For the Ebay Car Sales Exploration, I’m trying to figure out an efficient way to clean the Column names. The solution provided as well as a similar query on the community showed a manual approach to doing so.
I was wondering if there’s more efficient ways to do so. Here’s how I’m approaching it (not all of it working code). I also used StackOverflow
My Code:
**Code for conversion to snakecase
import re
def camel_to_snake(name):
name = re.sub('(.)([A-Z][a-z]+)', r'\1_\2', name)
return re.sub('([a-z0-9])([A-Z])', r'\1_\2', name).lower()
snake_columns = []
for i in range(len(new_columns)):
snake_columns.append(camel_to_snake(new_columns[i]))
print(snake_columns[i])
That section worked perfect for me. For the other section of the exercise to rename some of the columns like: yearOfRegistration to registration_year
Is there a way you could do something like below. I.e. Replace specific values in a list with different values?
I would say “efficiency” in this context is not that important. Because you are not trying to repeatedly change the column names. You only, mostly, do it once.
So, picking one method that you have a clear idea of, should be fine.

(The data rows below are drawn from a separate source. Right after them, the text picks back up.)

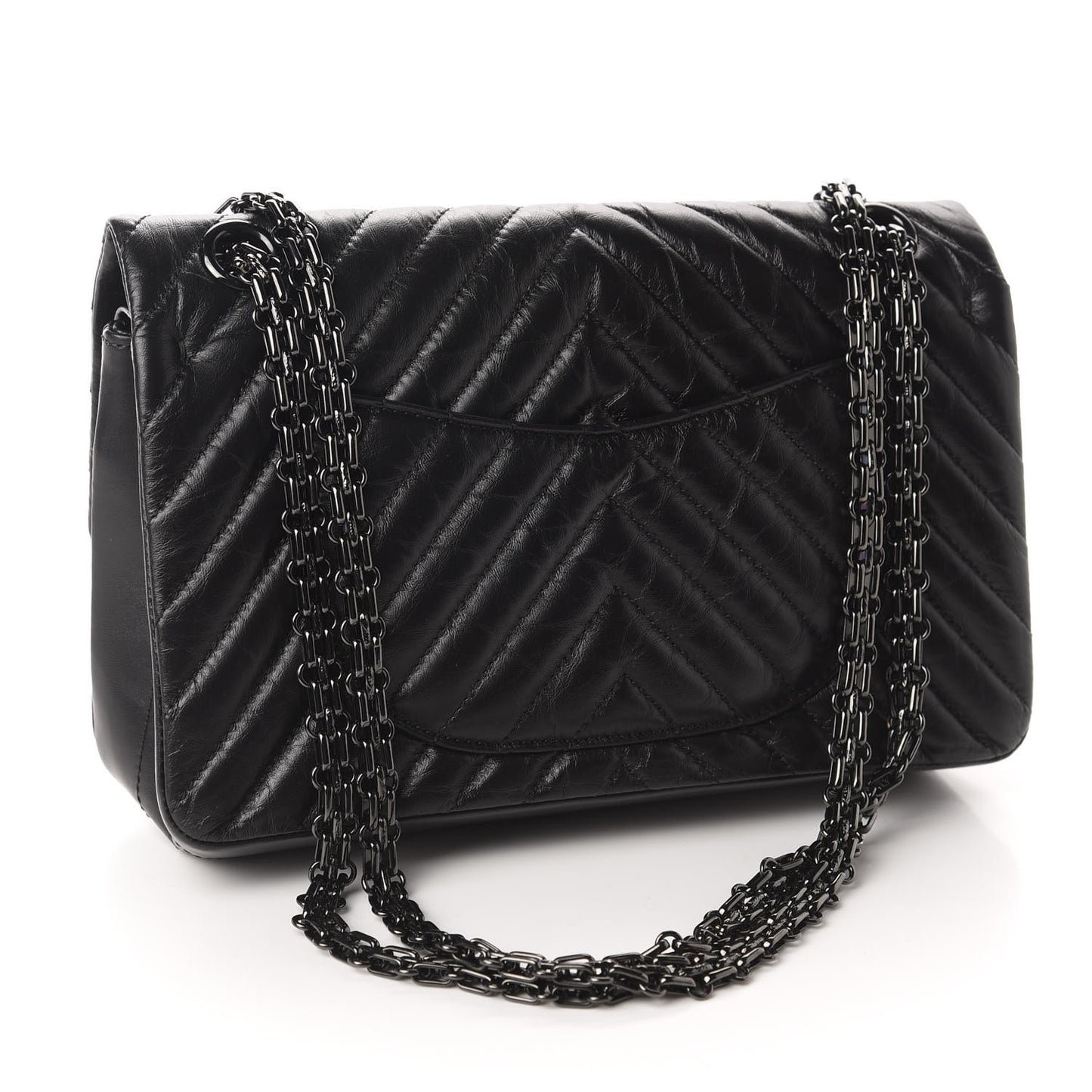 Aged Calfskin Chevron Quilted 2.55 Reissue 225 Flap So Black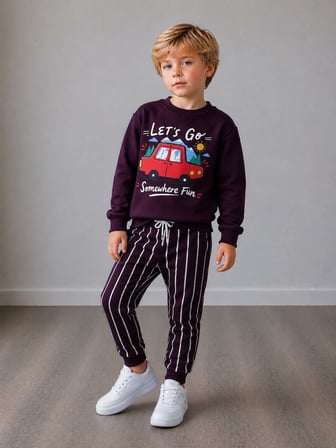 Let's Go Somewhere Fun Araba Baskılı Sweatshirt&Eşofman Erkek Çocuk Alt Üst Takım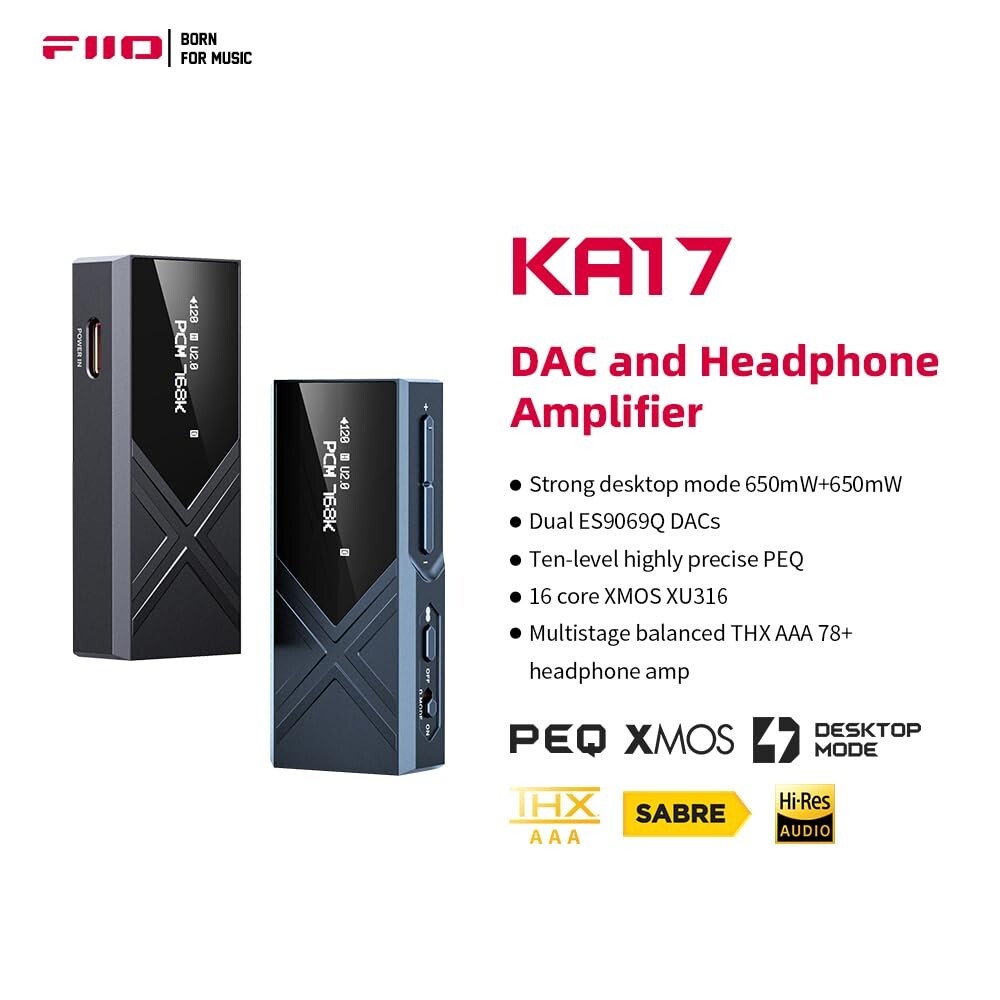 FiiO KA17 Portable USB DAC Audio HiFi Decoder, Dual ES9069Q PCM768DSD512 (Black)
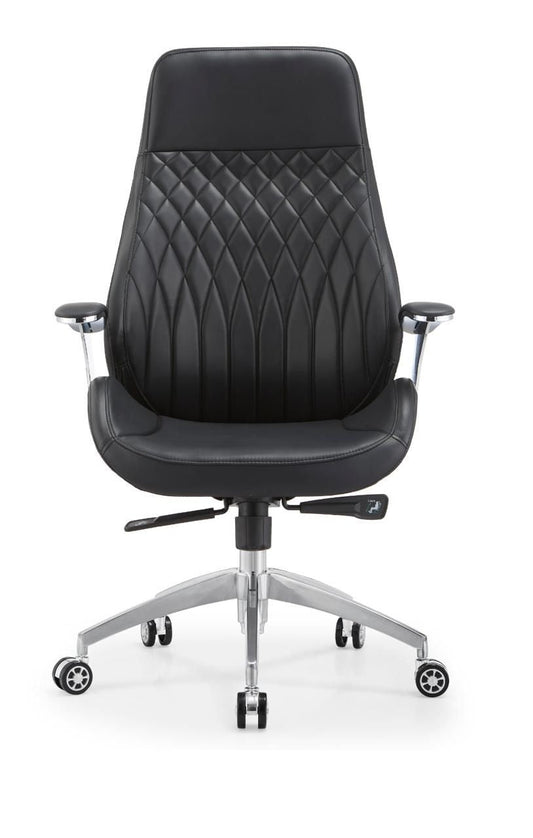 Executive Office Chair, Leather High Back, Adjustable Height, Swivel, Brown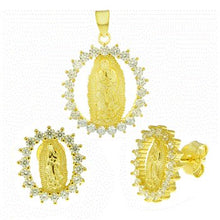 Load image into Gallery viewer, Sterling Silver Lady of Guadalupe Gold Plated Earrings and Pendant Set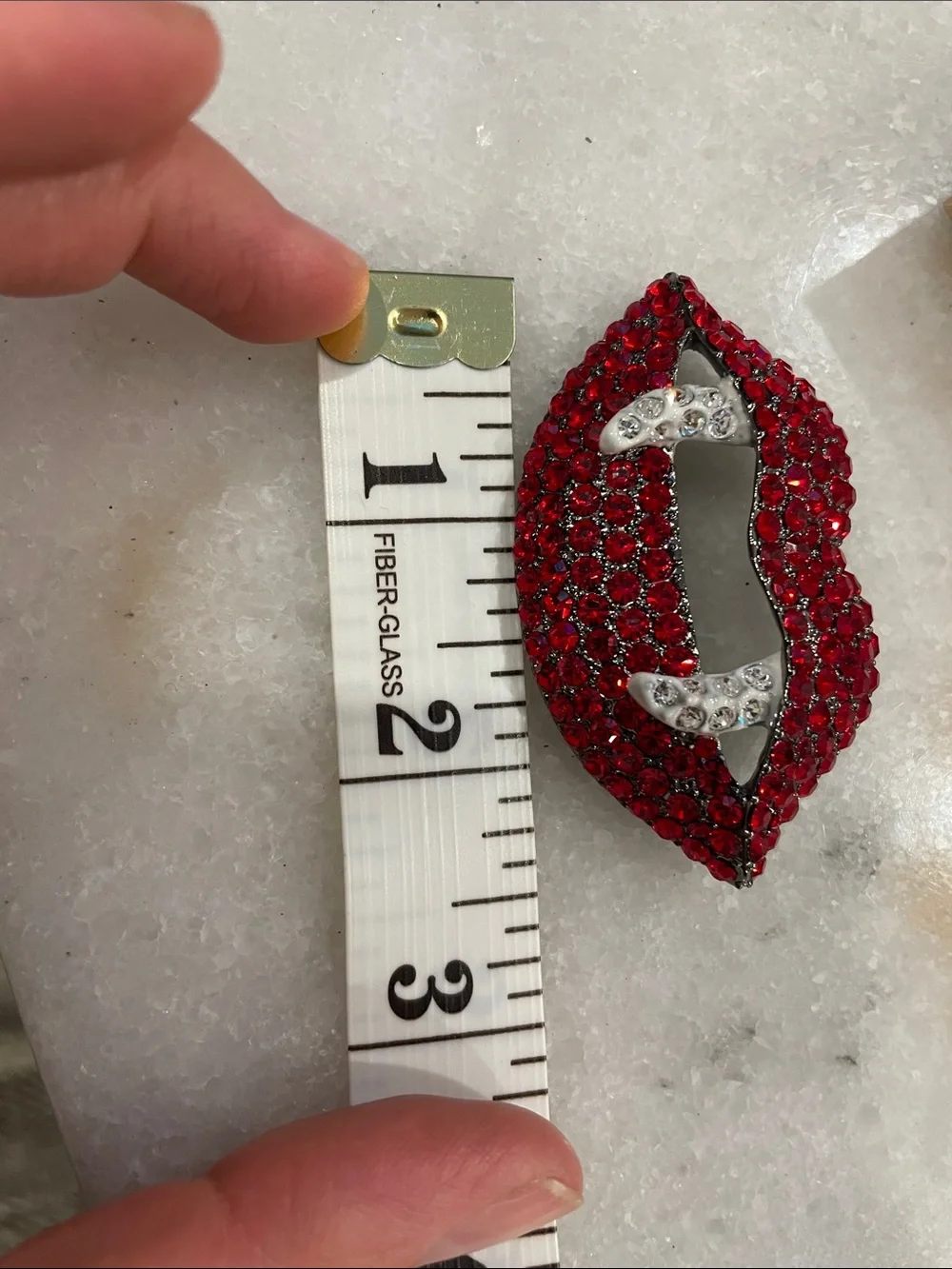 Kirks Folly Red Crystal Vampire Lip Brooch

But, of course, nothing wrong with trying different methods out. In this case, using replace and a dictionary should be good enough as well.
The dictionary would save the key, value pairs where the key would be the current name, and the values would be the new column names.
And then you pass the dictionary into replace. I think the stackoverflow post also suggests something similar. I would recommend checking out the documentation for replace as well.
Because you are not trying to repeatedly change the column names. You only, mostly, do it once.
Thanks for that explanation. Makes sense from a data analyst point of view. My sysadmin/devops brain wants to reduce any manual work/repetition of tasks.